# LR2/TreeExporter - Export your images while preserving the folder structure



## Tim Armes (Jun 14, 2009)

Hi,

I've just released a new plug-in that'll export images whilst preserving the original folder structure.

The plug-in scans the images to be exported in order to determine the deepest folder that contains all the images, and then exports the tree from this point (although you can optionally choose to start higher up) to your destination.

Real time examples are given so that it's very clear what's going to happen.  The UI is polished and easy to use.

More details here:

http://www.timothyarmes.com/lr2treeexporter.php

and don't miss the quick guide:

http://www.timothyarmes.com/lr2treeexporter.php?sec=quickguide

Tim


----------



## Denis Pagé (Jun 16, 2009)

Wow!

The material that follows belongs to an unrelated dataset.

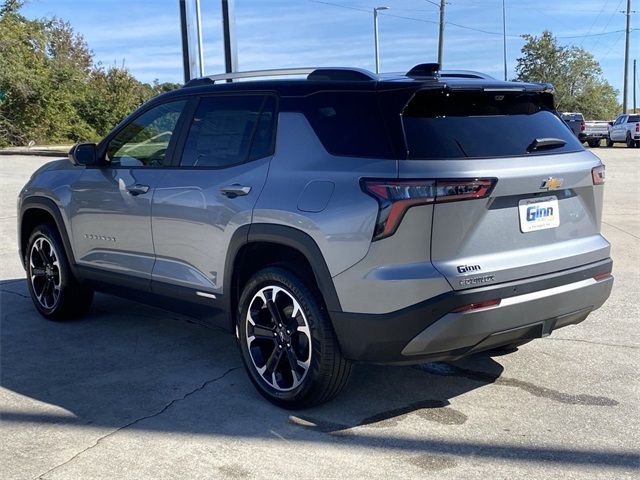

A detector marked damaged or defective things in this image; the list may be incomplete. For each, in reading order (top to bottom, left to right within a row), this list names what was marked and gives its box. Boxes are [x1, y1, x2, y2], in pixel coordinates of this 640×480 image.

cracked pavement [0, 151, 636, 480]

I think you are filling a BIG GAP here!


----------



## Paul (Jun 16, 2009)

Am a raw LR2 newbie Tim, but once I've found my feet I'll be sure to come back and try your plugin, thanks! (This a bookmark for the thread? No way, it's a...comment and thanks)

By the way, nice to see Lua being used so well  
- is it compatible with Mac OS X? (i note it has a Win "unzip")


----------



## Sean McCormack (Jun 17, 2009)

Zip is the OS compressor on Mac too Paul.


----------



## Paul (Jun 17, 2009)

Should you try the executable (unzip.exe) in tLR2TreeExporter.lrplugin/Win   - you'll be disappointed on OS X 

Just because I'm ignorant about LR2 doesn't mean I'm clueless about all software, but I do understand you'll not (yet) know my geek-y-ness  rating


----------



## Victoria Bampton (Jun 17, 2009)

All geeks welcomed.  Around here it's not an insult.  

Fortunately Tim is also a real geek and builds cross-platform Lightroom plugins.


----------



## Sean McCormack (Jun 17, 2009)

If I turned off Parallels, I might be 

The Win folder is usually accessed by the internal WIN_ENV variable inside the plugin, so Mac users would only see it looking inside the package. You'll find that a lot of plugins that use external CLI commands have Win and Mac folders. My FFMPEG plugin has both. 

There's a geekiness rating?.. Oeerrr...


----------



## Brad Snyder (Jun 17, 2009)

Sean McCormack;47'43 said:
			
		

> There's a geekiness rating?.. Oeerrr...



At one point there was a whole geek code identifier, for signature inclusion, when corresponding with fellow geeks.  Not just your overall geek rating, but classified across various subsets.  Geek Code


----------